He advises colleagues to start ventures now because land prices will shock them if they wait until next year.
"Land prices have stabilized nationally, but while the trend is also evident in Central Florida, there is a marked shortage of land where development is currently permitted," the founder/chairman of Maitland, FL-based Realvest Partners Inc. tells GlobeSt.com. "Clearly, higher land prices are imminent."
Livingston, a director of Virginia-based CORFAC International Inc., says, "Given the long lead time to develop, projects that are getting under way now will reap the greatest rewards at the first surge in demand," He stresses, "Now is the time to be aggressive."
The signals are out there. "Interest rates are at their lowest in a generation.

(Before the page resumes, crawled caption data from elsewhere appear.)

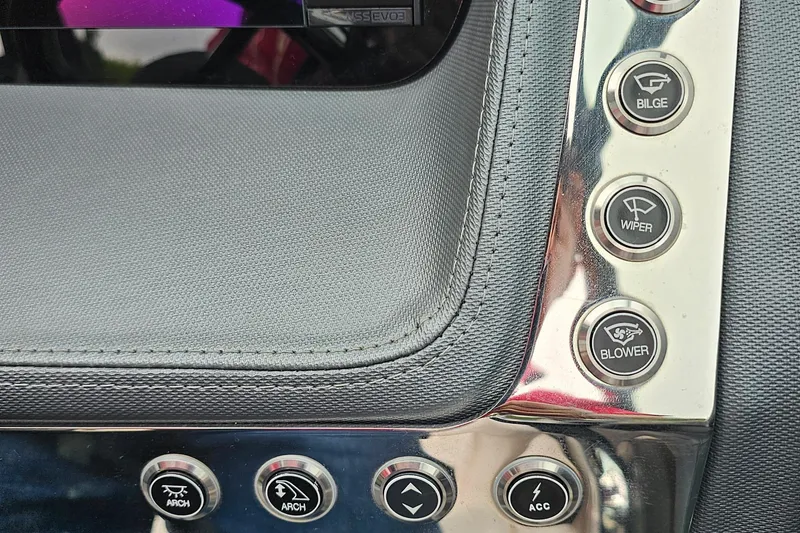 Slide: The Image of Control panel of a 2021 Chaparral 307 SSX boat with various function buttons. - 9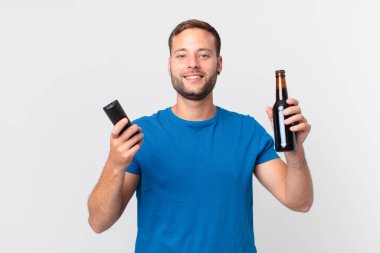 Yakışıklı adam elinde birayla televizyon seyrediyor.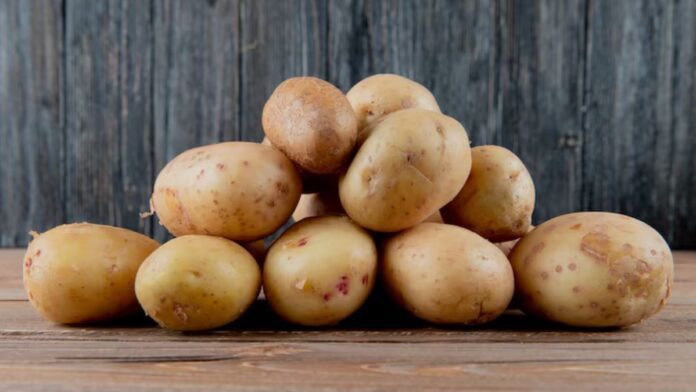Pile of yellow-brown potatoes stacked on a rustic wooden surface.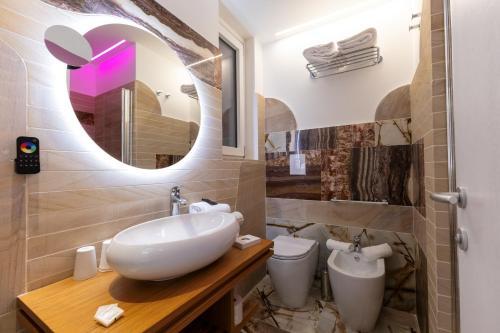 a bathroom with a sink and a toilet and a mirror at Maggiano Boutique Hotel in Peschici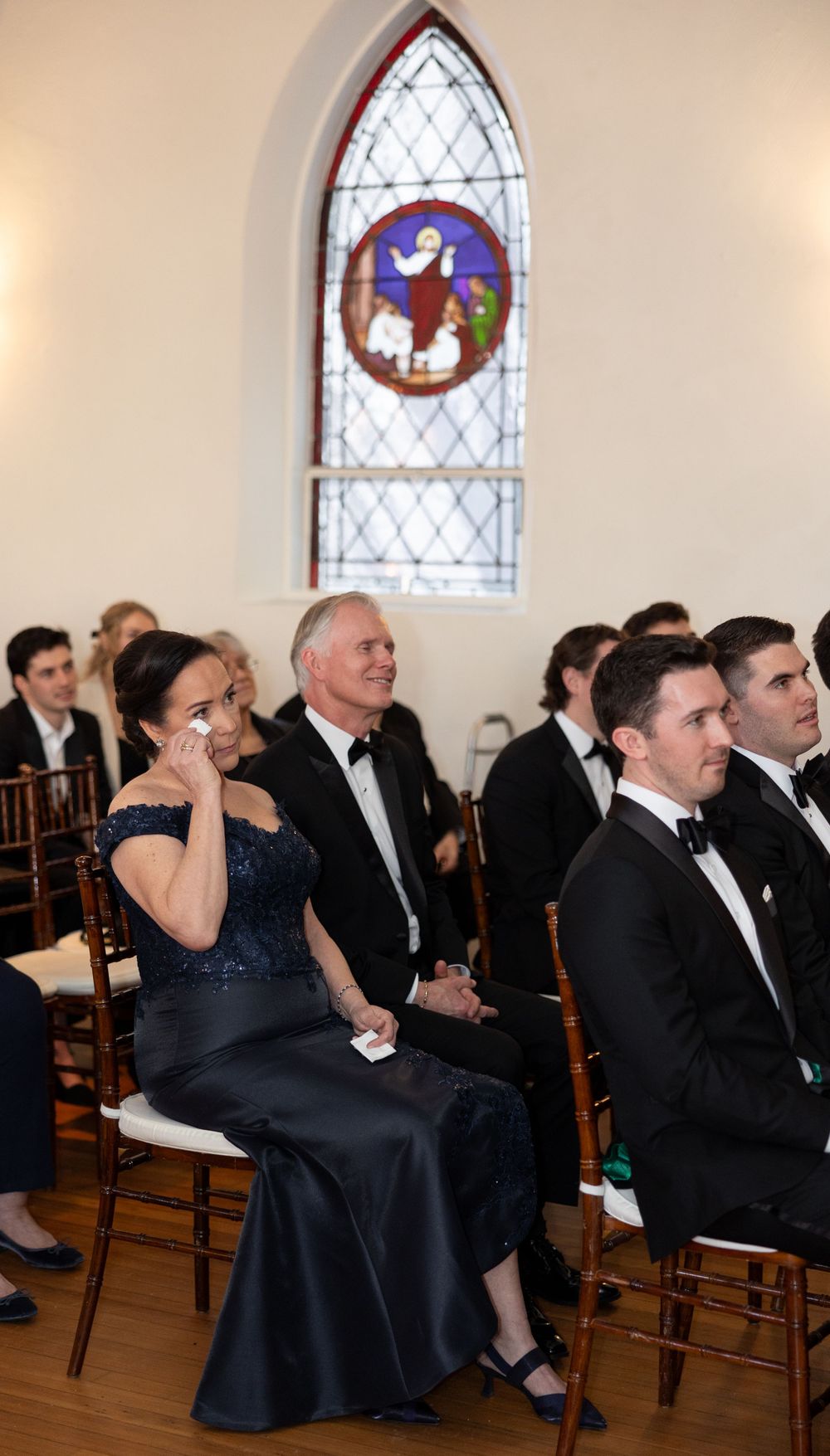 Wedding guests seated in a church with a colorful stained glass window visible in the background.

Cap rates are up and buyers have withdrawn" from the market, Livingston contends.
"Because corporations and tenants are less active nationwide, strong rent growth has slowed somewhat and local market conditions mirror that trend," the developer says. "But Central Florida's low construction rate is generating supply and demand imbalances that are favorable to investors."
He is confident "increased demands will push rents higher almost immediately, once the economic cycle shows positive signs."
Livingston urges developers to follow the strategies of sophisticated investors: "Hold what you own; refinance at lower rates; develop new projects; and acquire existing properties."
Developers can plan for demand a year from now by plugging broadband access and energy availability into their enterprises; offering high parking ratios and high clear spans; flat floors; flexibility; and other amenities suitable for buildings in highly competitive submarkets.
"No regional market is immune to national and international trends, but the Central Florida region around Orlando tends to be less affected than most," says Livingston whose family has been a landowner here for 80 years.
"National polls and the press tell us most Americans believe we are either in a recession or about to enter one," the developer notes. "This has driven real estate cap rates higher and caused buyers to withdraw from the market," he says.
In Orlando, however, "widespread anecdotal evidence paints a much more vibrant picture of a local economy that is still growing." He says, "real estate demand, though generally slower, remains at a desirably high level."
He acknowledges the build-to-suit market has slowed in Orlando and in the rest of the state, as it has nationally. "Prospective tenants are more modest in their space requirements and tend to follow their business budget more carefully," Livingston says.
He predicts aggressive developers and investors in today's market will find nine or 10 months from now that "real estate will be an investment of choice for the long haul, once again."